Wilkinson v. Wallace

Citation134 S.E. 401,192 N.C. 156
Decision Date15 September 1926
Docket Number18.
PartiesWILKINSON et al. v. WALLACE.
CourtUnited States State Supreme Court of North Carolina

Appeal from Superior Court, Beaufort County; Grady, Judge.

Action by J. A. Wilkinson and others against T. G. Wallace, to determine an adverse claim to land and to quiet title submitted on an agreed statement of facts. From a judgment for plaintiffs, defendant appeals. Affirmed.

Ward & Grimes, of Washington, N. C., for appellant.

Small MacLean & Rodman, of Washington, N. C., for appellees.

ADAMS J.

This action was brought to determine an adverse claim to the plaintiffs' land and to quiet their title, and the controversy was submitted upon an agreed statement of facts. C. S. §§ 626, 1743. On March 16, 1852, the state issued a grant for this land to R. W. Harrison, and the plaintiffs have exhibited an unbroken chain of mesne conveyances which are sufficient in form to transfer to themselves the title in fee simple. William H. Davis, one of the mesne grantees, died intestate, leaving a widow, who after her second marriage was Josephine E. Wright, and one child, whose name was Lillie G Davis. On August 15, 1887, Josephine E. Wright, who was then a widow, and Lillie G. Davis, the only heir at law, conveyed the land in controversy to W. J. Bullock by a deed which was recorded September 8, 1887. The only index of this deed pointed to a conveyance from "Josephine E. Wright et al. to W. J. Bullock." There was no index or cross-index of any conveyance of the land by Lillie G. Davis. Bullock conveyed the land to J. A. and W. S. Wilkinson, February 19, 1906, and on January 28, 1914, these grantees conveyed it to the Pungo Deep Soil Development Company, one of the plaintiffs. Thereafter-that is, on June 7, 1924-Lillie G. Davis executed a deed to Thos. G. Wallace, the defendant, purporting to convey the same land.
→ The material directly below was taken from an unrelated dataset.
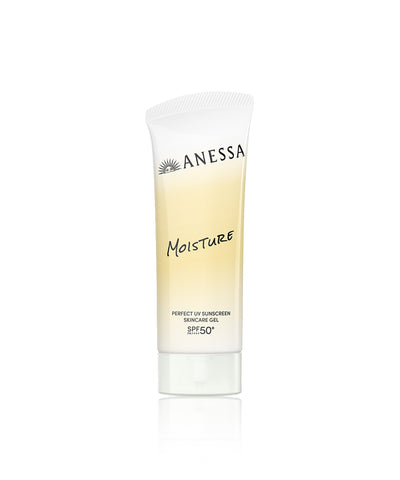 Anessa Perfect UV Sunscreen Skincare Gel NB 90g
This deed was registered June 14, 1924, and the defendant claims to be the owner in fee, on the ground that the conveyance from Josephine E. Wright and Lillie G. Davis to W. J. Bullock was defectively indexed by the register of deeds. Upon the facts set out in the record the trial court adjudged that the plaintiffs are the owners of the land in question, and that the defendant's possession is wrongful and unlawful. The defendant excepted and appealed.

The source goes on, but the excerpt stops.